Luiz Carlos Merten: Está pago, então.
Daniel Filho: [Com ênfase] Está pago o lançamento do filme!
[...]: Agora tem que pagar o filme.
Daniel Filho: Agora temos que começar a pagar o filme. Temos que começar a pagar o investimento colocado. Quando você fala que, no Brasil, para fazer um filme, eu tenho que ter 465 mil expectadores para pagar o lançamento de um milhão... nós podemos falar de filmes com lançamentos mais baratos. Então vai lançar com 500 mil reais, mas ele vai ter o quê? Dez, 15 cópias? Então a possibilidade de ele pagar será muito mais complicada.

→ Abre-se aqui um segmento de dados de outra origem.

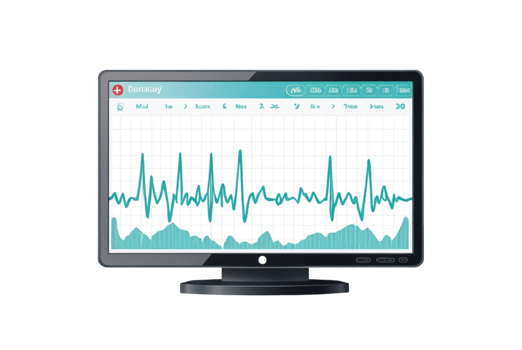 Medical Monitor with Heartbeat Pattern Displays Vital Data png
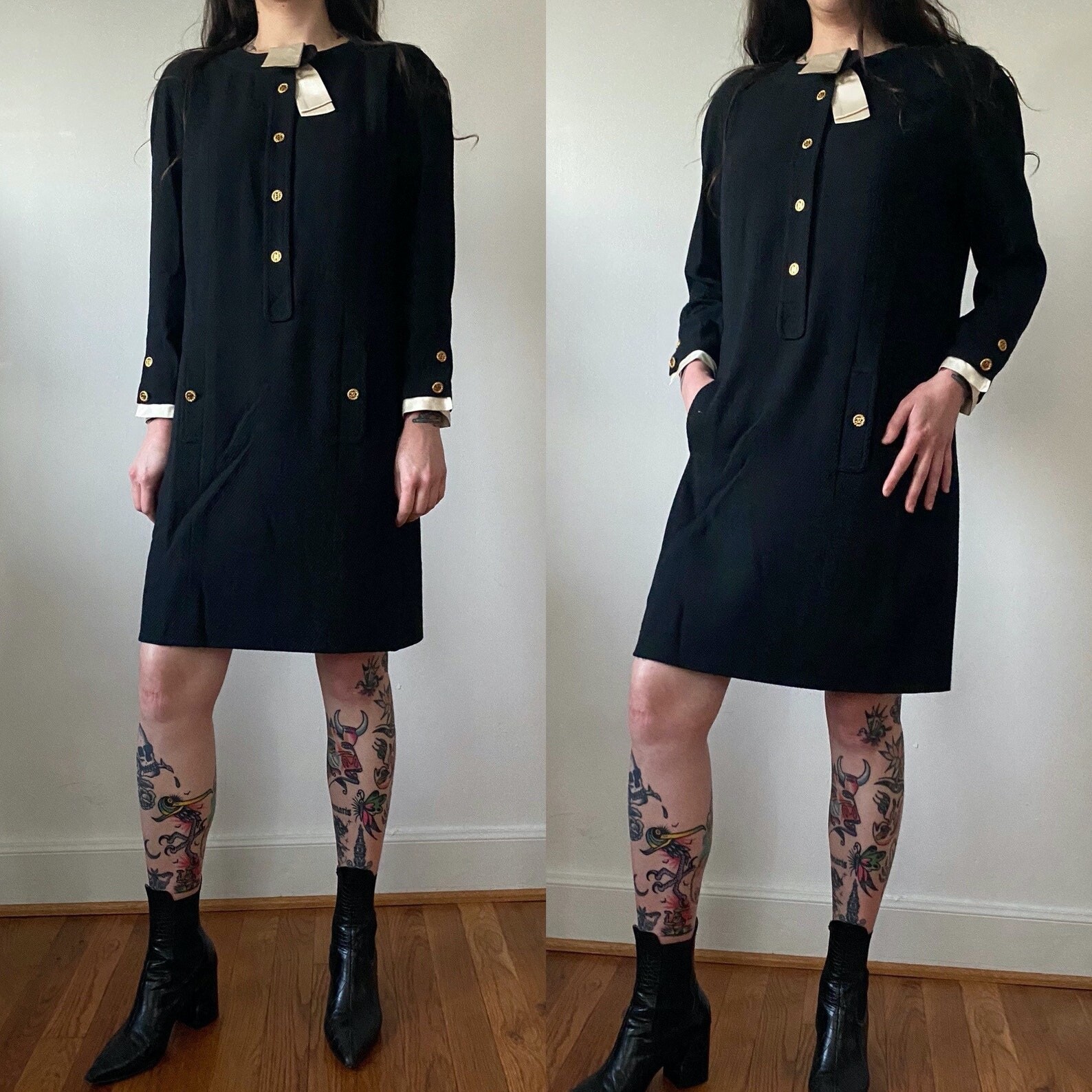 CHANEL 1980's Rare Vintage Black Dress w/ Satin Trim Chanel CHANEL 1980's Rare Vintage Black Dress w/ Satin Trim Chanel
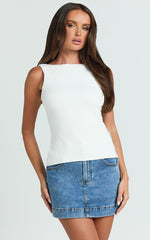 Jerri Top - Boat Neck Low Back Fitted Top in Off White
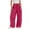 Hot Pink, variant on felwors Women Casual Fashion Solid Color Splicing Loose Casual Summer Wide Leg Pants Drawstring Waist Casual Pants With Pockets AG, L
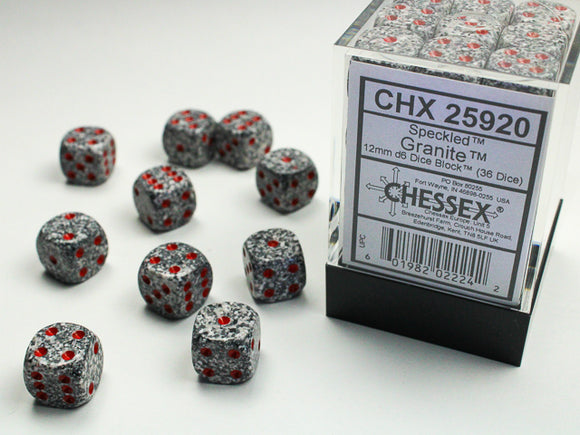 Chessex Dice: Speckled - 12mm D6 Granite (36)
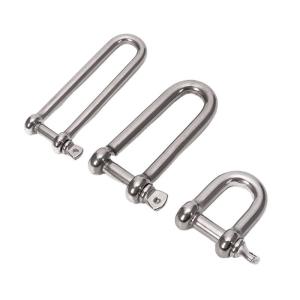 Quality Precision Casting Technology 8mm Professional 316 Stainless Steel Bolt Type D Shackle with Screw Collar Pin wholesale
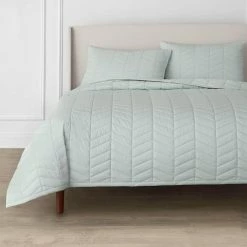 Spring Hill 3-Piece Sea Breeze Green Diamond Cotton Full/Queen Quilt Set by Home Decorators Collection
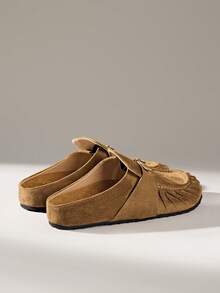 Solecia 复古时尚褶皱金属扣棕色舒适休闲平底鞋，女士款，适合通勤、约会、派对、度假、婚礼等场合。 - 卡其色 - 查看 4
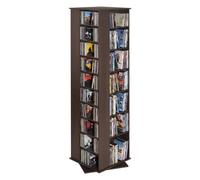 VEVOR Bibliothèque Étagère Rotative à 360°, Meuble de Rangement Multimédia, 34 Compartiments, Tour de Rangement pour CD, DVD, Livres, Collections, Étagères Réglables pour Bureau Chambre Salon, Marron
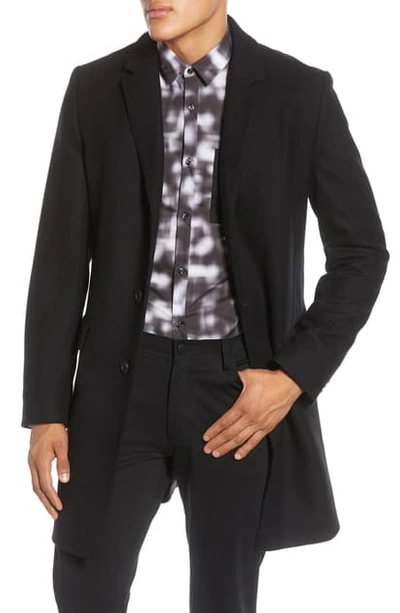 Hugo Boss Men's Slim-fit Solid Overcoat In Black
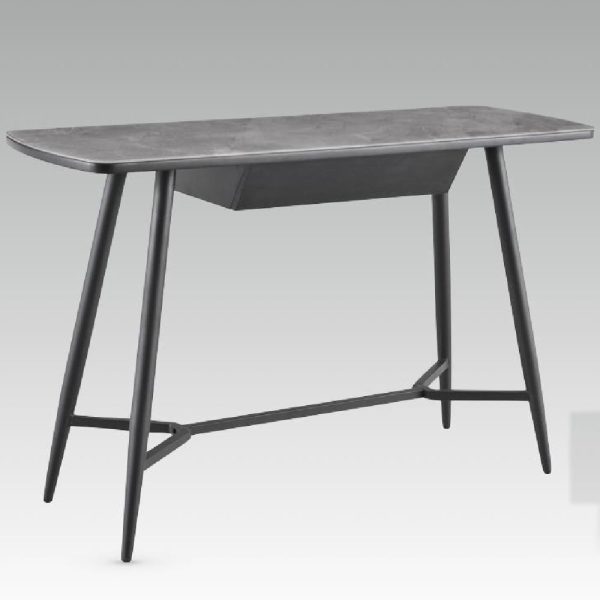 Chieti Grey Glass Top Console Table With Black Legs | Bed Sava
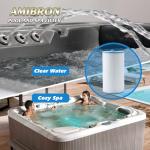 AmiBron PWK30 Hot Springs Spa Filters, Compatible for Watkins 31489, Unicel C-6430, Filbur FC-3915, P/N0969601,73178, 73250, 71825, 30 sq.ft.Hot Tub Filter 3 Pack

O cinema brasileiro tem uma dificuldade; eu não tive facilidade. Olha, eu achava que A partilha era nota de dez, não tinha como errar. Era na minha cabeça, era um sonho meu há dez anos. Eu tinha esse script há onze anos, ele já foi americano, já foi espanhol, eu tentava fazer esse filme e ninguém queria fazer. Com a TV Globo – e logicamente veio a Globo Filmes –, eu não iria apresentar o meu projeto como o primeiro projeto. Fomos para o [filme] Orfeu [1999], fizemos um filme do Renato Aragão [O trapalhão e a luz azul (1999)], depois fizemos um filme da Angélica [Zoando na TV (1999)], fizemos O auto da compadecida [2000], que era uma saída. O auto da compadecida custou, depois de pago pela TV Globo, para se transformar em filme, 600 mil reais, ao dólar ainda a 1,70 [real por dólar]. Agora o valor do real seria já outra coisa. Então O auto da compadecida custou esse dinheiro. Recapitulando, onde estava o meu pensamento?
Paulo Markun: Você achava que [o filme] era pule de dez [sem riscos de não dar certo].
Daniel Filho: Era pule de dez. Pois bem, então vamos começar a fazer o filme: um dirigido por mim, de uma peça de enorme sucesso no Brasil, na Argentina, na Venezuela, no Peru, no México, na Espanha. Olha, com a TV Globo, com tudo. Eu estava no penúltimo dia de filmagem, estava pronto para enfiar a mão no bolso e assinar um cheque meu, quando apareceu o último patrocínio, que aliás não foi nem de lei de incentivo, foi dinheiro, o chamado dinheiro vivo, o dinheiro bom, e aí cobriu o orçamento do filme. Então a própria Globo Filmes não tem essa capacidade que se julga que exista para se arrecadar dinheiro. Estamos com dificuldades no cinema para arrecadar dinheiro.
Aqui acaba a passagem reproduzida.